I am relatively new to Audiogon and have a question about how business is conducted on this site. This morning I made an offer to purchase an interconnect at a certain price and if the seller responded within the day. I received an e-mail from the seller indicating "I'll accept your offer" and notifying me that he would accept paypal or a money order as payment. At this point I have made an offer, he has accepted, and I am thinking we have a deal. 42 minutes later he sends me an e-mail saying he needs me to reconfirm within 10 minutes or he is going to sell to someone else. Of course I am not monitoring e-mail on a minute by minute basis since I have to keep my day job in order to support this expensive habit, and the guy turns around and sells this thing to someone else. In the regular, non-internet, world where I operate this type of conduct would be total b.s. But when I ask this guy how he can agree than simply back out he tells me this happens all the time on Audiogon. Is this really the case? Does this type of conduct merit negative feedback or am I overreacting?
bink

Showing 1 response by bink

Boy thanks for all the responses in such a short period of time. With a couple of exceptions (unfortunately including the one from Audiogon) that fact that others were equally as troubled sure makes me feel better about using this site - it's just going to take time to find the straight shooters.

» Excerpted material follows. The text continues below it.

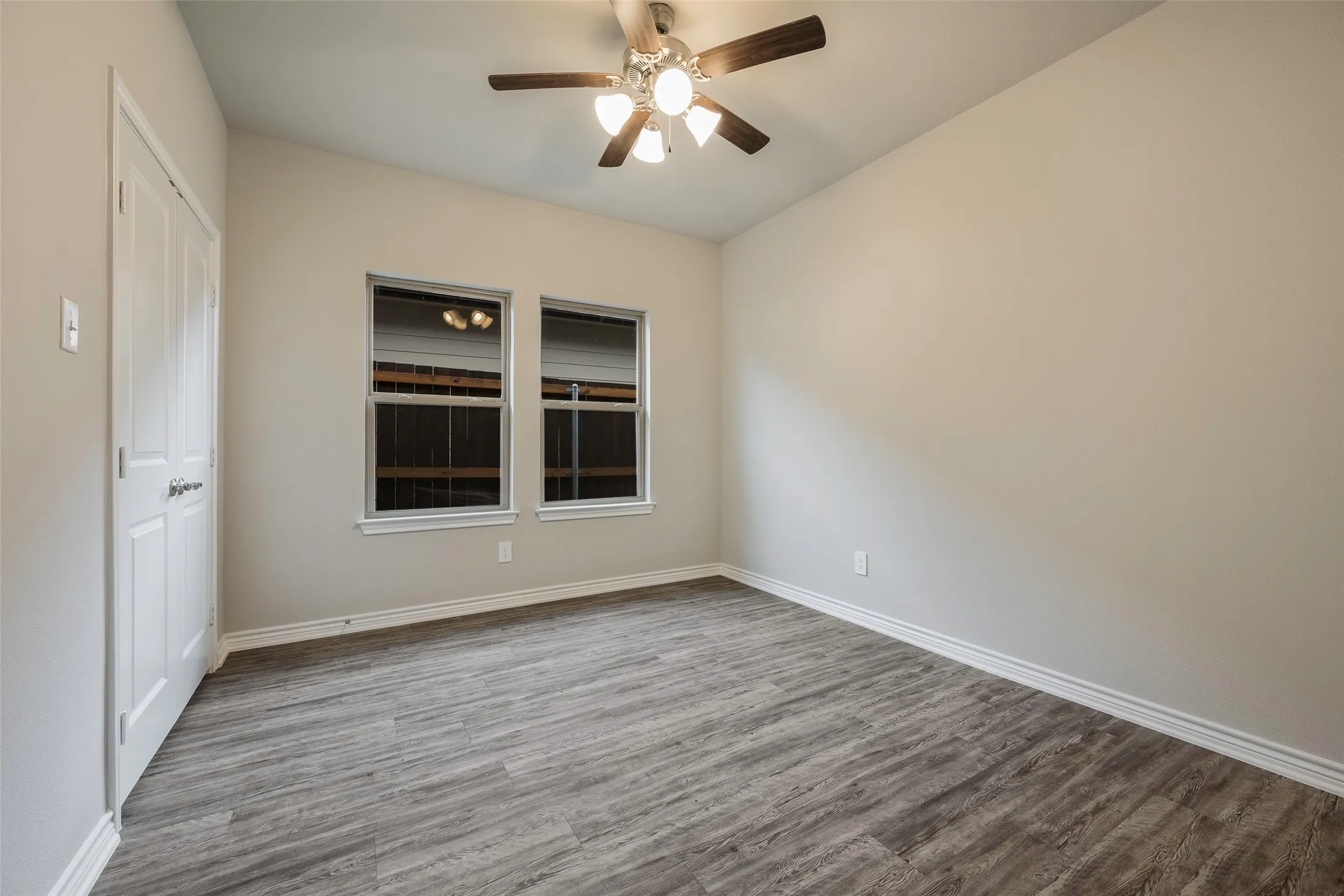Single Family Residence For Sale in Kaufman County , 346 Preston Road, Mabank, Texas 75147, 4 Bedroom, 2 Bathroom, 2 Garage spaces, 1,869 Sqft, built in 2022, Preowned, mls#21064201, Real Estate Agent in Mabank, Homes For Sale in Kaufman county, Homes For Sale in Mabank, Realtor in Mabank Texas, Real Estate Brokerage Independent Realty Texas, Luminita Cordes Realtor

I think Macm nailed it, and I am pretty troubled by the Audiogon response in that it indicates a "verifiable agreement had not been reached" as either no payment had been sent or the product had not been shipped. I am no lawyer, but I have spent enough time with lawyers to be confident that an agreement can be reached (both written and verbally) prior to payment for or shipment of of the product. Under the proposed Audiogon guidelines an individual could agree to purchase something via money order, then spend the next several days looking for a better deal before sending payment. If they find a better deal take it, drop the first deal, and have no risk of bad feedback. There are obviously a multitude of scenarios that can create problems under these existing criteria. I can assure you I have a sequence of time-stamped e-mails that would constitute a "verifiable agreement" by almost any standard. I came to this site assuming the feedback system was an effective form of self-policeing (policing?). Seems like there is still some work left to turn this into a reliable system. The good news is they are focused on it. I thought I was doing the users of this site a favor by giving this guy negative feedback to alert others to be careful when dealing with him. Question now is whether under the current rules of the game I am obligated to go back to Audiogon and request that they remove this negative feedback - I think this is the case based on the Audiogon commentary above.